From Aristotle onward the idea is that in a true male-male friendship the friends are so close as to be an alter ego, or other self, a thought expressed by many, many later writers. Here is Montaigne again (notice how “wives” comes after “goods” in the following list):

Everything actually being in common between them—wills, thoughts, judgments, goods, wives, children, honor, and life—and their relationship being that of one soul in two bodies, according to Aristotle’s very apt definition, they can neither lend nor give anything to each other. “On Friendship,” p. 141)

The term you’ll see in academic studies “of, relating to, or involving social relationships between persons of the same sex and especially between men” (Merriam-Webster’s Collegiate Dictionary, 11th ed.) for close male-male (and female-female) relationships, and spheres in which they are predominant, is “homosocial.” So, for example, the locker room, the military, or the court of James I would be homosocial environments. I think the term is unfortunate. Ever since Freud we are conditioned to think that everything, all the time, is about sex, so the slide into “homosexual” is all too easy. You only have to change three letters. Homosocial environments can be conducive to homosexual conduct, I need hardly say, and there’s surely a sexual undercurrent in many close male-male relationships, but homosociality and homosexuality aren’t necessarily connected. In addition, since there is a controversy about Shakespeare’s sexuality, using “homosocial” in discussions of Shakespeare can convey unwarranted implications. Perhaps by design. For all these reasons, in preference to “homosocial” I’ll use the more recent term “bromance.”

What Is a Bromance?

 As we understand the term today, a bromance is a close male-male friendship relation. (OED: “Intimate and affectionate friendship between men; a relationship between two men which is characterized by this. Also: a film focusing on such a relationship.” It’s amusing that the OED’s first recorded instance, from 2003, is to a use in the Usenet group rec.windsurfing.)

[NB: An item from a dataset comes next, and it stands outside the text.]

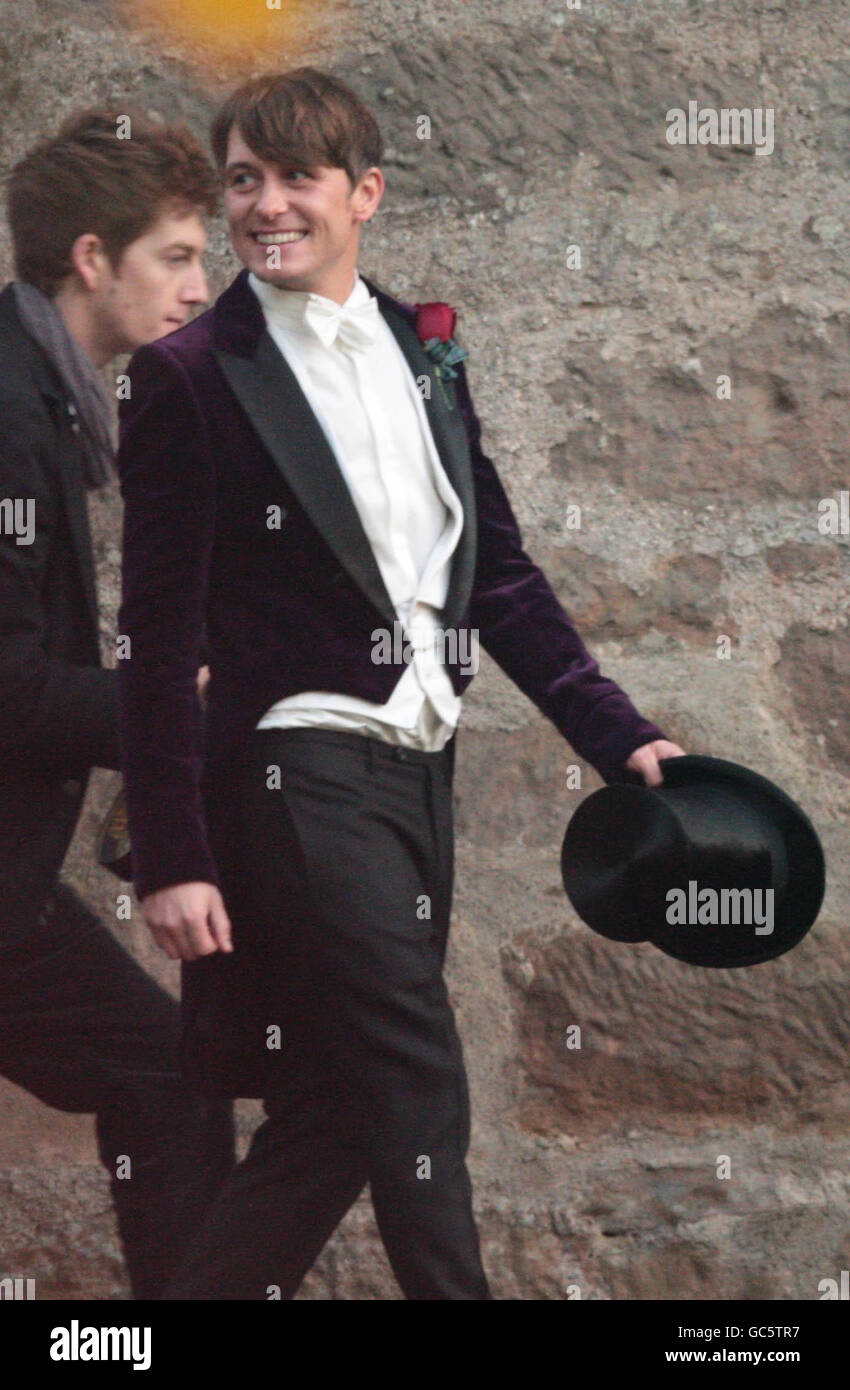 Mark Owen arrive à l'église paroissiale de Cawdor à Cawdor, Nairn pour son service de mariage à Emma Ferguson. Banque D'Images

Trolling the Internet brings up examples like Kirk and Spock, Butch and Sundance, Matt Damon and Ben Affleck. “Bromance” has also come to replace the term “buddy comedy,” i.e. a comedy revolving around such a relationship, such as Butch Cassidy and the Sundance Kid. Apply it specifically to romantic comedies (brom-coms?), and you’ll be able to see why I use it for Two Gentlemen. Proteus and Valentine are prototypical bromance buddies.

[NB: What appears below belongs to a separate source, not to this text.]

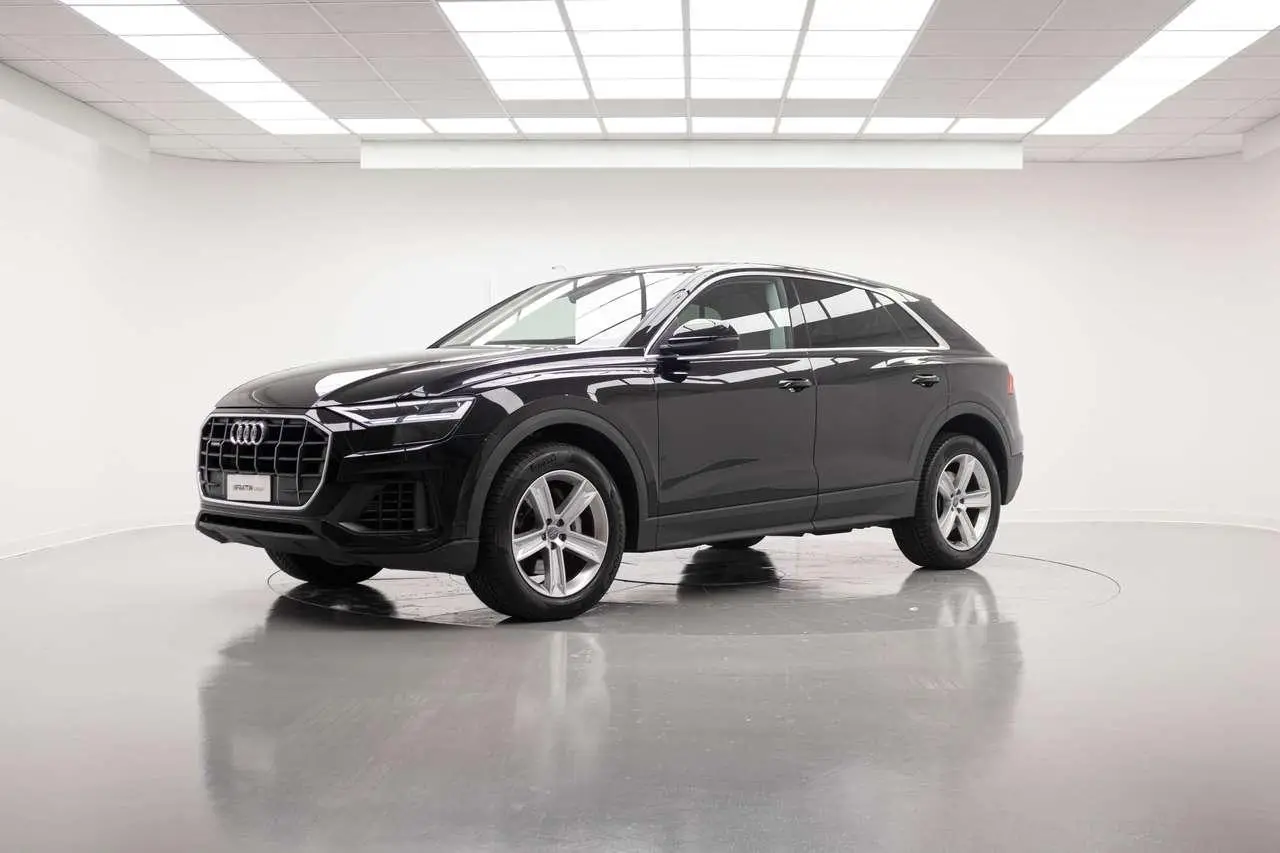 Photo 1 : Audi Q8 2020 Hybride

The Western Bromantic Tradition

Moreover, the buddies fall in line with a long bromance tradition in Western literature that is a crucial influence on Shakespeare. As noted, the theory of male-male friendship goes back at least to Aristotle’s Nichomachean Ethics; Shakespeare (with Fletcher) will return to it in The Two Noble Kinsmen, which is an adaptation of Chaucer’s Knight’s Tale. And so on it goes, right up to The Hangover, Part 3.

I will only mention one of Shakespeare’s most important precursors. The story of Titus and Gisippus goes back to Boccaccio’s Decameron; Shakespeare followed an English version that appeared in 1531. Titus and Gisippus embody the “one soul in two bodies” idea by being twins. Gisippus is pressured into marrying Sophronia, with whom Titus falls in love so violently it makes him sick unto death. To save him, Gisippus gives him Sophronia, a gift effected by means of a “bed trick”; the identical Titus is substituted in the marriage bed for Gisippus, where he performs the formalities necessary for a valid marriage. In the second part of the story, Gisippus is accused of murder and Titus offers to take the rap. Greater love than this no bro hath! The main point of this very brief summary is to note that there is an offer of a woman by one friend to the other in one of Shakespeare’s sources. There are clear differences (for example, Titus didn’t try to rape Sophronia, she seems copacetic with the situation, though—like Silvia in Two Gentlemen—being a piece of property she doesn’t get to speak, and it is really surprising that Shakespeare didn’t use the bed trick), but the incident is there.

We’ll see the bromantic tradition working itself out as we proceed through Two Gentlemen, so let’s turn to that task now. Just keep in mind: Valentine and Proteus fit neatly into a (basically adolescent) tradition in which male friendship is more important than adult relationships with women.